Not even log and assert?

> Then how about a more pragmatic definition? When a precondition fails,
> it almost always indicates a programmer error (a bug). When a bug
> occurs, the last thing you want is to unwind the stack:
>
> -- unwinding the stack destroys state that could help you track
> down the bug
> -- unwinding the stack may do more damage
> -- throwing an exception allows the bug to go unnoticed if a
> caller catches and swallows it (e.g., catch (...))
> -- throwing an exception gives a (possibly indirect) caller a
> chance to respond to the bug; typically, there isn't anything
> reasonable a caller can do to respond to a bug
>
> What you really want is to stop the program in a debugger, generate a
> core dump, or otherwise examine the state of the program at the
> instant the bug was detected. If you throw an exception, you're just
> allowing the program to continue running with a bug.

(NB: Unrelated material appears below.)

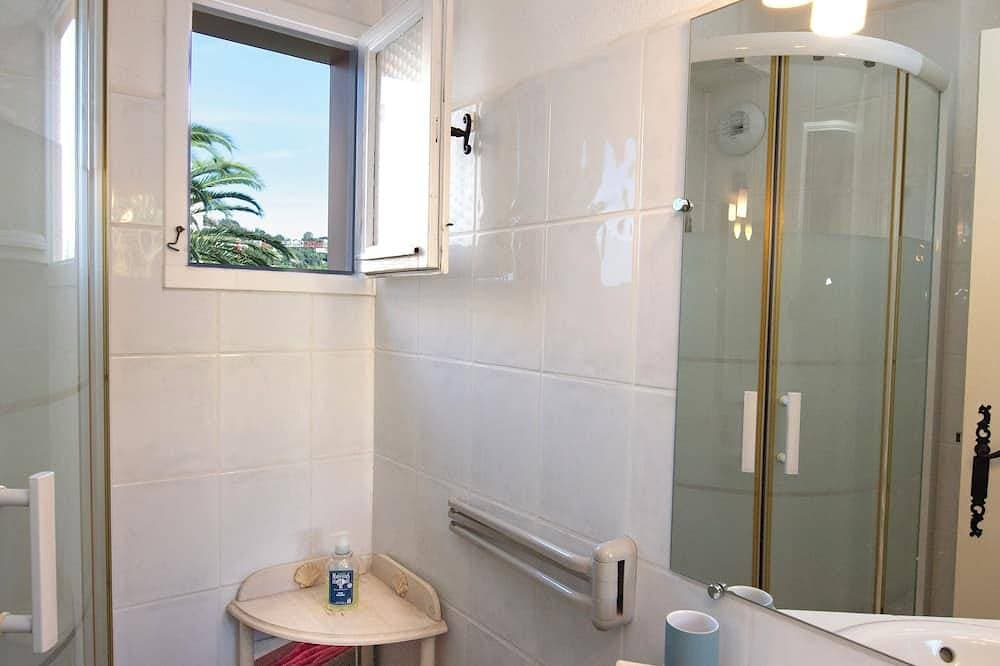 Foto 10 von 30: \"Le Soleil\" - Ferienwohnung für max. 3 Personen in bevorzugter Lage.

Perhaps I am too pragmatic and customer/end-user-oriented. While this is
something that is perfectly suitable for the development phase, you
don't want it to happen at the user's site. According to this
definition, every precondition is a potential source of crash (again
from a user's perspective: user's don't distinguish between calls to
assert() or exit() and, say, memory access violations - they just
perceive the program crashing). It seems like an extremely pessimistic
approach to me: pull the emergency brake whenever a condition that
should hold doesn't. There is no such thing as local failure - the bug
is always assumed to be global and catastrophic. Thus, under pressure to
deliver systems that do not "crash", there would be strong motivation to
use preconditions sparingly - which would defeat the purpose of DbC.

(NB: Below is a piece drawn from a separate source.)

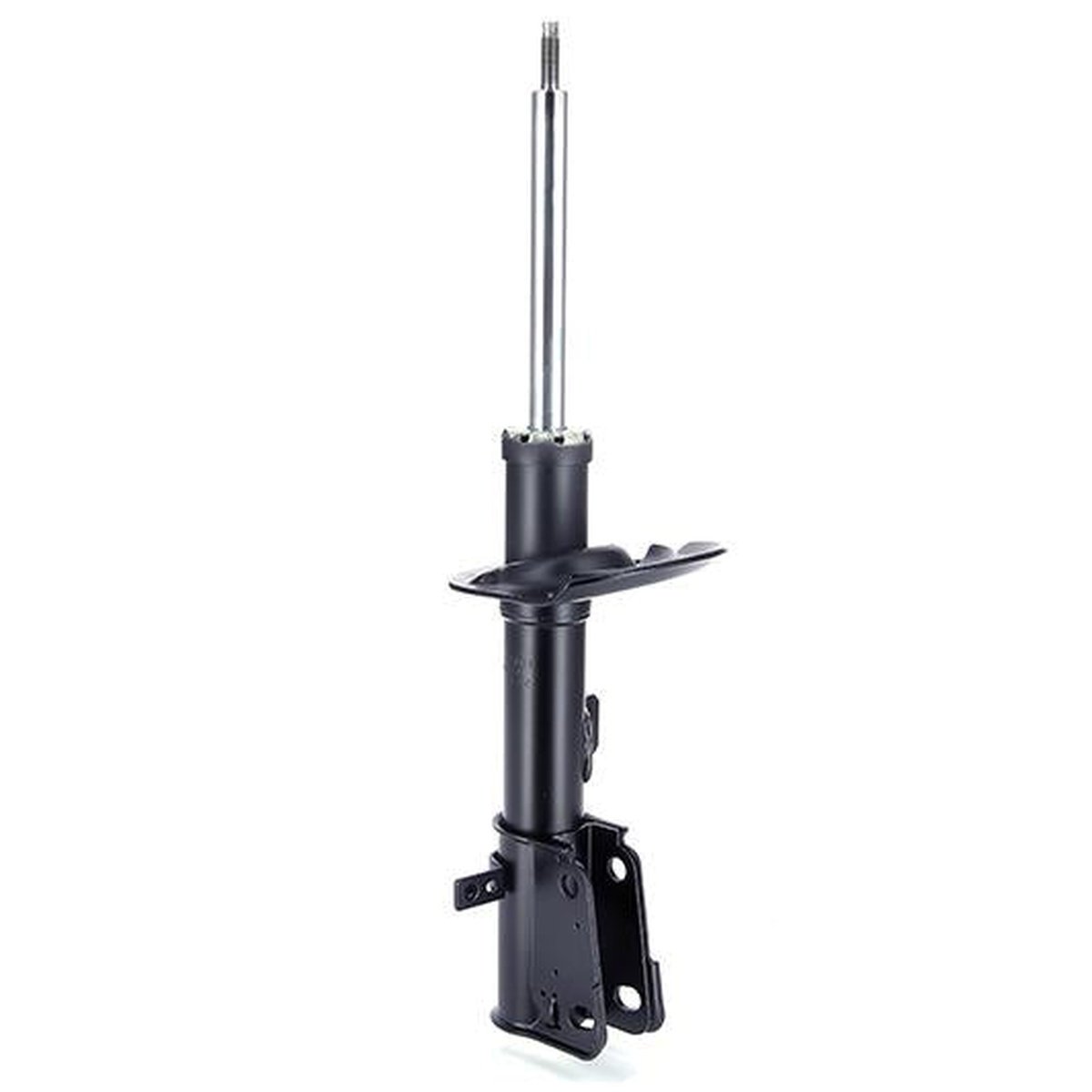 KYB Excel-G Shock Absorber Front LH 339248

> I don't think it is; from what I understand about Eiffel (which is
> little) the aim is to keep the program running if a contract is
> broken. But I could be wrong about that.

That would be the opposite of the when-in-doubt-pull-the-emergency-brake
approach. Considering that making software sytems more reliable has been
a major driving force behind Eiffel and DbC, this difference puzzles me.

> You're right, undefined behavior, as defined by the language standard,
> is undetectable once it's occurred. It's clear from you response that
> applying the term "undefined behavior" to preconditions has been
> misleading. In the interest of clarity, I'm going to switch to
> "undefined state". Example:
>
> F() is documented to specify that it is the responsibility of all
> callers to establish condition Y. Now suppose F() is called and Y is
> false. What does this mean? All you know is that some caller failed to
> establish Y. Assuming the contract was valid and reasonable, you have
> detected a bug. (Even if the contract was invalid, you've still
> detected a bug -- only the bug is that F() demands condition Y.)
>
> In practical terms, the program has entered an undefined state -- it's
> doing something you didn't think it could do. Whether it entered the
> undefined state before Y was tested, as a result of testing Y, etc.,
> is not that important, as far as I'm concerned. What's important is
> what you do about it. If you throw an exception, you allow the program
> to continue running. But since it's entered an undefined state, you
> don't know what it will do.

I don't have - and never had - troubles understanding this reasoning.
What I am having doubts about is whether failure to meet Y automatically
means that the entire program is in an undefined state and aborting is
the only sensible reaction - unless, of course, you restrict the
definition of precondition to exactly those cases. From what I have been
able to survey, such a restrictive definition does not seem to be used
universally.

--
Gerhard Menzl

#dogma int main ()

Humans may reply by replacing the thermal post part of my e-mail address
with "kapsch" and the top level domain part with "net".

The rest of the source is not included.